── Provided data ──

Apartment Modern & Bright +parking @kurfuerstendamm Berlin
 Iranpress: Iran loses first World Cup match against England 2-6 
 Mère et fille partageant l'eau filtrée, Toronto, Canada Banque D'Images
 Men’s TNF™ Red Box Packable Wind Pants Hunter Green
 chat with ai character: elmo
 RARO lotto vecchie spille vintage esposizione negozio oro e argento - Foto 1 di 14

───
── Provided data ──

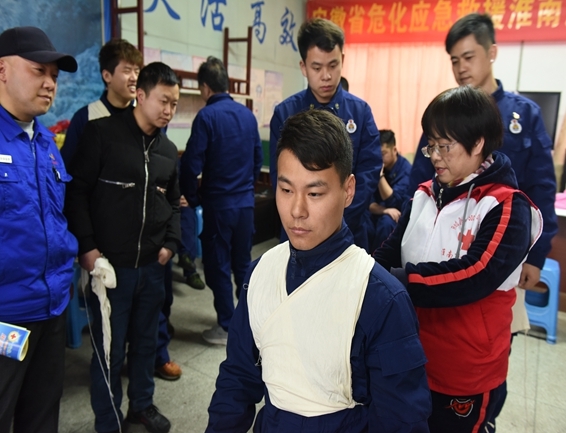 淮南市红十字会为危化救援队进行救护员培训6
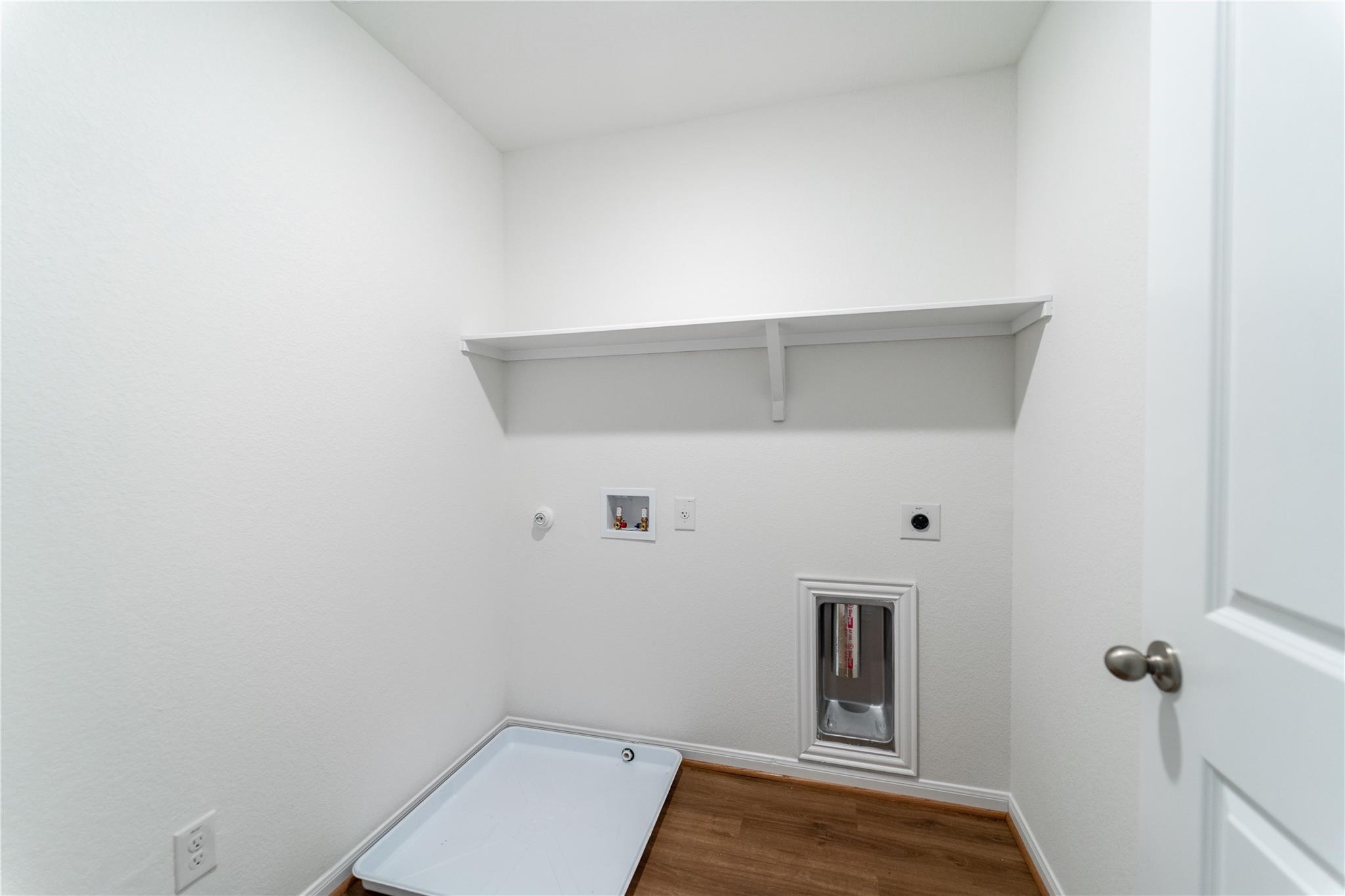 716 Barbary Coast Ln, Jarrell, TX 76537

───

## Prompt
Exact duplication is required for the lines above, from the line that contains "Men’s TNF™ Red" to the line that contains "RARO lotto vecchie", inclusive; omit all others.

## Response
 Men’s TNF™ Red Box Packable Wind Pants Hunter Green
 chat with ai character: elmo
 RARO lotto vecchie spille vintage esposizione negozio oro e argento - Foto 1 di 14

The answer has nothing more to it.